118. 2020.03.31 – This is chloracantha further south at Johnson’s Post with ‘pygmaea’. Large dense clumps seemingly holding clay pedastals together. These are associations of systems and in my opinion very significant in recognising where species stop and start. Not that this simplifies the problem. Incidentally chloracantha in a small green form also occurs in the Gouritz River gorge through the Langeberg.
119. 2020.04.01 – Chloracantha occupies an incredible range of habitats and varies accordingly. These are it at Cooper Siding in feldspathic sandstone. Not far away it is also in transitional zone to shale and the plants also looking a bit different. In both cases it is with “pygmaea” and I have see hybrids despite the season difference in flowering times. Curiously I was once asked … “how do you know it is a hybrid?” Well I do not know how to answer that. It is like asking, “How do you know you which is your left foot?”

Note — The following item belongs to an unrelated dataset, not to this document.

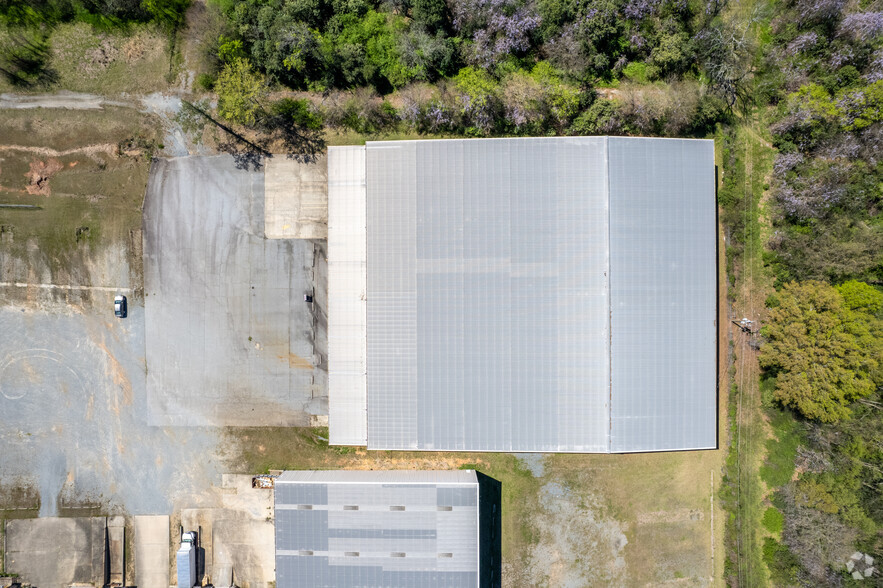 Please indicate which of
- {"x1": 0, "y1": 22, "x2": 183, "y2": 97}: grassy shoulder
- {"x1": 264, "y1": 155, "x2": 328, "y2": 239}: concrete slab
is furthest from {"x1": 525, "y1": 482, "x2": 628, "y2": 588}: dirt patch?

Lawrence Loucka – Please say some more about hybrids. ‘I know it when I see it.’ may be true but how to confirm? What do you see – parent proximity, morphology, flowering overlap, habitat? If not hybrid, then what?
Bruce Bayer – I think you are asking me to identify my left foot. What can it possibly be if it is not derived from the plants before your eyes? I forget now the name of the hybridity test based on mensuration and statistical analysis. I tried to use it on what were such obvious hybrids between herbacea and reticulata – and as you well know in H. mirabilis var sublineata, getting significance requires an inordinate sample size. So of course it is parent proximity. whereabouts of the “hybrid”. And what is difference in flowering time where there is 4-5 months between peak flowering time of each putative parent and a flowering time that can be acted on the the seasonal rainfall – and individual plants that simply do their own thing. With DNA we cannot even separate the species so how do we use that? It comes down to nitpicking and finding a way to discount the obvious. How do you confirm that all the plants before your eyes are two species when you have no definition of what the word means and cannot specify the actual criteria that are common to the respective entities? That is why it is possible to just come out with names like hammeri, joleeniae, vincentii etc. and find an innocent accepting audience? 😄 Best way of looking at the issue.
Jakub Jilemicky – Aren’t these floribunda v. dentata?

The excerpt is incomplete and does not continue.